CLOSURE OPERATORS, FRAMES AND NEATEST REPRESENTATIONS

Abstract

Given a poset $P$ and a standard closure operator $\unicode[STIX]{x1D6E4}:{\wp}(P)\rightarrow {\wp}(P)$, we give a necessary and sufficient condition for the lattice of $\unicode[STIX]{x1D6E4}$-closed sets of ${\wp}(P)$ to be a frame in terms of the recursive construction of the $\unicode[STIX]{x1D6E4}$-closure of sets.
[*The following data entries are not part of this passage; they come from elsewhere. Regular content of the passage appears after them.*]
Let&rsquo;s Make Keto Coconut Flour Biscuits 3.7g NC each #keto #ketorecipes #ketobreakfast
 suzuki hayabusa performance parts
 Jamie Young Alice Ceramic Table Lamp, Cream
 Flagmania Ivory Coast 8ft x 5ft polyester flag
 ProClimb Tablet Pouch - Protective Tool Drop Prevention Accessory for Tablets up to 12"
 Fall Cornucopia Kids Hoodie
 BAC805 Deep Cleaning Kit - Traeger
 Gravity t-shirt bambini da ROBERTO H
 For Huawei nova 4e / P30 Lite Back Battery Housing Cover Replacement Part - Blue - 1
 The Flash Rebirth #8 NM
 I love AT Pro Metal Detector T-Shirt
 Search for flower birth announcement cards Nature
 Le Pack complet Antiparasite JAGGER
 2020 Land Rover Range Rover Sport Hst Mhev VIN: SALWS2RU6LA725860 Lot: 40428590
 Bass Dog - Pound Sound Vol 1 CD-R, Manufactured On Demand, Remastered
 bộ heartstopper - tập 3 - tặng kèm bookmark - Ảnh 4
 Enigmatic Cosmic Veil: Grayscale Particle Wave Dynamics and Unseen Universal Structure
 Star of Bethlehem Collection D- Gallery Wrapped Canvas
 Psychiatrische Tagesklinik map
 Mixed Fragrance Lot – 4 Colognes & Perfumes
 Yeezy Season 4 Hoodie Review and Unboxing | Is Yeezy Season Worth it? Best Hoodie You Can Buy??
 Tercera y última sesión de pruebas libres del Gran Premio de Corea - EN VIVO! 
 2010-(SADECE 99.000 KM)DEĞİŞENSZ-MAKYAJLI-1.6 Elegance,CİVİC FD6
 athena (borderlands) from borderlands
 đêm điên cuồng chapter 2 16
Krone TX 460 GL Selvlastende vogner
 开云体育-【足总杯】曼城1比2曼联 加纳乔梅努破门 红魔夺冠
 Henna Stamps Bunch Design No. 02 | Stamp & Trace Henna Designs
We use this condition to show that, given a set ${\mathcal{U}}$ of distinguished joins from $P$, the lattice of ${\mathcal{U}}$-ideals of $P$ fails to be a frame if and only if it fails to be $\unicode[STIX]{x1D70E}$-distributive, with $\unicode[STIX]{x1D70E}$ depending on the cardinalities of sets in ${\mathcal{U}}$. From this we deduce that if a poset has the property that whenever $a\wedge (b\vee c)$ is defined for $a,b,c\in P$ it is necessarily equal to $(a\wedge b)\vee (a\wedge c)$, then it has an $(\unicode[STIX]{x1D714},3)$-representation.